On Mon, Jun 06, 2005 at 02:55:55AM -0500, Steve Block wrote:
> On Mon, Jun 06, 2005 at 02:20:40AM -0400, Roberto C. Sanchez wrote:
> >Short summary of popular IMAP servers:
> >server          why you would use it
> >------          --------------------
> >UW IMAP         You are a masochist
> >Cyrus IMAP      You need *serious* scalability (e.g., 100,000 users with
> >               accounts on 8 clustered servers using Cyrus Murder)
> >               You want to virtual host or setup mail accounts without
> >               requiring a corresponding shell account
> >Courier IMAP    You want low maint/like Maildir
> >Dovecot         New kid on the block; you like living on the edge
> 
> I highly and heartily recommend cyrus. 20,000 messages in a folder?
> 30,000? More (debian-user archive, anyone)? Want the server to handle
> sorting your mail for you? Thanks to Debian it's pretty easy to set up,
> and getting postfix to talk to it is cake.
> 
Funny that you mention that.  While those are all nice things, if you
are not a full-time admin, maintaing a Cyrus installation for more than
a couple of users gets to be a real pain.  That said, if you are an ISP
with a bunch of admins running around, the scalability is especially
nice.  I have seen posting to newsgroups and such on the net where
people mention Murder clusters serving in excess of 250,000 users.

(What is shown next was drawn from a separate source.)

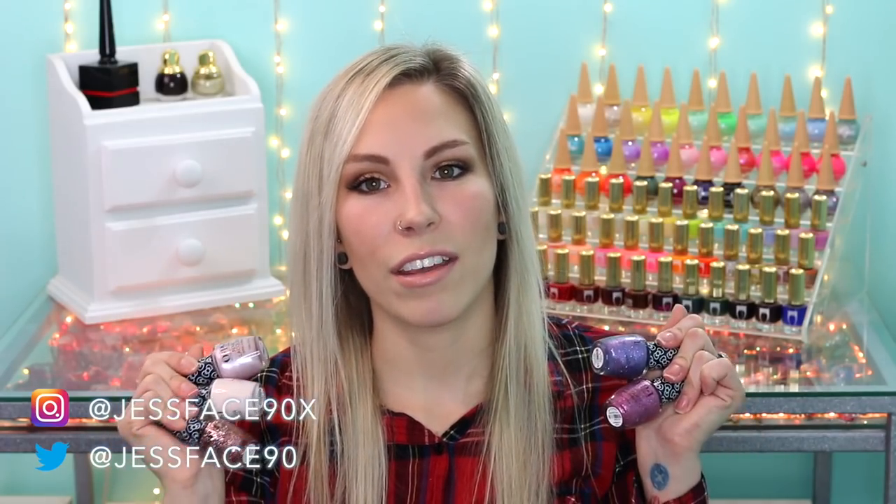Hey guys, so today I have swatches of the Hello Kitty 2018 holiday collection from OPI. There are 15 polishes here all together, and these are starting to pop up places like Ulta and Sally's right now.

I originally picked it for my server because it was an old machine and I
was worried about corruption or hardware failure and I didn't want a
large mbox file getting trashed.  To me, the really nicest feature of
Cyrus is the duplicate delivery elimination.  Until I switched to
Courier last month, I had forgotten that people actually CC list mail.
Cyrus does it by keeping a database of (I think) hashes of messages
received within a certain time frame.  Dupes are discarded.  This is
done primarily to stop floods from messages that are caught in loops
with MTAs or whatever, but it also works with getting the same message
muiltiple times on multiple mailing lists/CCs.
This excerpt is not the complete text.